Are you enjoying this series? I am. I guess no one reads this blog or else I would have a zillion comments.
Today I'd like to address the idea that atheism is "extreme" in the same way the religious fundamentalism is. This is the well-known "extremes meet" kind of argument. As I've stated before, if religion actually has some truth to it, then it should be taken very, very seriously. I mean, if it is really true that Jesus died for our sins, or whatever, that is a hugely important fact about human history. It doesn't make sense to believe it "moderately," or see it as a vague feel-good metaphor that you can take or leave. On the other hand, if it has no truth to it at all, then it is pretty ridiculous and harmful nonsense. It is kind of hard to have a moderate, non-extreme position between those two poles of belief or non-belief. So in a sense, I do agree with the Christian fundamentalists that it truly matters whether you believe or not.
I remember being told by a guy, who heard that I was professor literature, "You must like to read, then." Well, yeah. I almost asked a few ministers I met casually, "Wow, you must be kinda religious to do your job." I thought better of it because I am polite guy.

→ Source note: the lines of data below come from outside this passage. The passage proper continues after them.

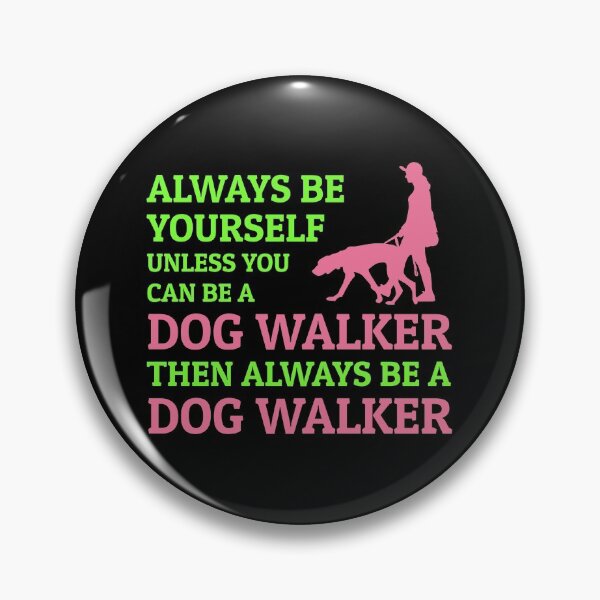 Item preview, Pet Sitter Sitting Dog Walker Animal Funny Gift designed and sold by CuteDesigns1.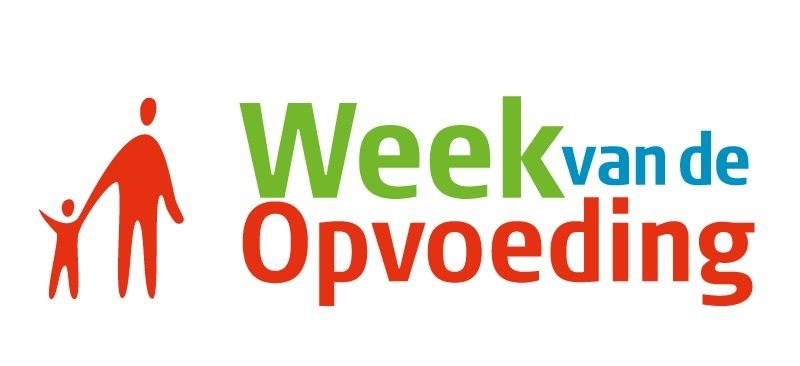logo-WVDO20017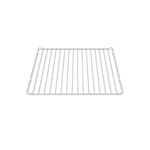 UNOX STEEL.GRID GRP355 Bleche und Behälter für Backwaren aller Art 460x330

In my view, however, it is not dogmatic or extreme to refuse to believe in something you really don't have plausible evidence for. The two positions are not symmetrical in that sense. Even a very hard-core in-your-face atheism is still just a non theism, a refusal to buy into what almost everyone else is saying. It only looks extreme because of the huge dominance of religion in modern culture. Most atheists don't even spend a lot of time on atheism per se. It's more like something we don't do rather than something we devote energy to. Atheism is religion in the sense that not collecting stamps is a hobby, someone once said. In other words, it's more of an absence than a presence. It only becomes "extreme" when we actually decide to make a point of it, as in these posts of mine.
I read these. I don't always agree with your take on the issue of the day, but they're worth the read, if only to feel out the contours of my own eccentric religious configuration (roughly, "There is no God and Mary is His Mother").